Most breathing apps bury guided exercises behind meditation subscriptions or throw too many options at the user.
Refresh keeps it simple: a small set of curated techniques with clean visuals and haptic pacing that let you start a session in under five seconds.
I built it end-to-end to see how far one person could take a real product by being intentional about where AI helps and where it doesn't.
I ran competitive analysis across a dozen breathing and meditation apps, then used Claude to distill research on breathing techniques and the neuroscience behind them into product decisions.

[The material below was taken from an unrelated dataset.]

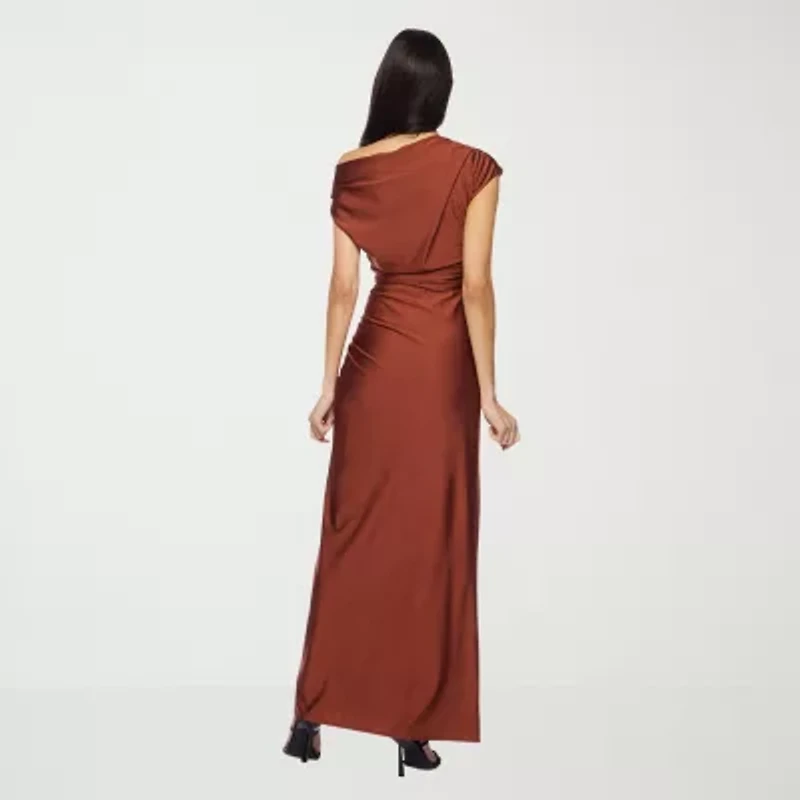 Premier Amour One Shoulder Womens Short Sleeve Evening Gown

The full branding guidelines document was generated as a Claude artifact and became the source of truth for every decision after — warm linens and muted blues (not the clinical whites and neon greens that dominate wellness apps), Cormorant Garamond for display, Figtree for UI.
The key insight was moving from feature-organized tabs to intent-organized navigation. The app answers "how do I feel right now" instead of "which feature do I want to use."
I drafted the full user flow as a Claude artifact before writing any code, mapping every path from opening the app to completing a session.
Native SwiftUI, built in Cursor with Claude as the coding agent. Phased: design system foundation, screen-by-screen build, feature architecture, then onboarding.
The most ambitious bet was a real-time audio engine — binaural beats, drone layers, and filtered noise textures using AVAudioEngine. Early versions produced TV static instead of ocean waves.
I shelved the engine rather than ship something half-baked.
What I learned: AI compresses the timeline between having an opinion and executing on it — but it doesn't replace taste. Every output still needed curation and a clear point of view about what good looked like.
And knowing when to ship without a feature, and being honest that it didn't meet the bar, is its own skill.